Based on the title alone, one would think that this movie was primarily about a woman named Tamara Drewe. And while Tamara (Gemma Arterton) is nominally the lead, and her story is the one we’re perhaps meant to care most about, Tamara Drewe is actually a very well-balanced ensemble piece, filled with a solid half-dozen characters who command just as much attention and interest as our titular heroine.

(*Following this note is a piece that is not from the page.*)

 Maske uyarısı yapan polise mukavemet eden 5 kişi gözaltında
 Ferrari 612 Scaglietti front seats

Posy Simmonds graphic novel, on which the film is based, is an adaptation of Thomas Hardy’s Far from the Madding Crowd; but don’t worry if nineteenth century rural British novels aren’t really your thing. Hardy’s story provides the barest framework for Simmonds’ thoroughly modern re-imagining — the swashbuckling military sergeant from the book, for instance, here becomes an eyeliner-wearing emo rock star.

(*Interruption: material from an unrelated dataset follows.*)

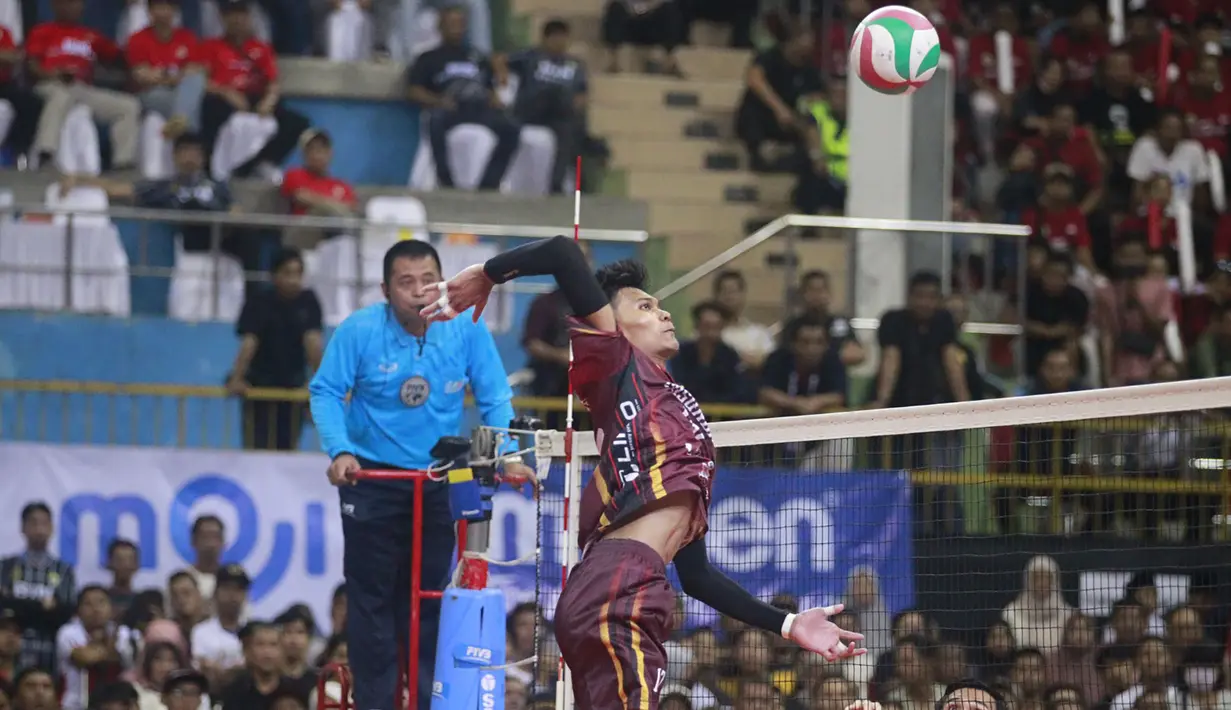 Pemain Tim Voli Putra BIN Pasundan, Ujang Nandar melepaskan spike saat menghadapi LavAni pada laga grand final Livoli Divisi Utama 2023 di di GOR Joyoboyo, Kediri, Minggu (10/12/2023) malam WIB. BIN Pasundan menang 3-2 (25-19, 21-25, 22-25, 25-19 dan 15-12). (PBVSI)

Drewe herself is a young journalist, with vaguely literary aspirations — as much as Drewe has any firm aspirations at all. She’s somewhat adrift, often more than willing to follow the whims of the men who are attracted to her. Her tendency to fall for flattery is a result of an attention-starved childhood spent as the ugly duckling — a duckling who’s grown into a beautiful swan (if swans could squeeze themselves into skin-tight denim booty shorts) thanks to a rhinoplasty that reduced a nose of epic proportions down to a button.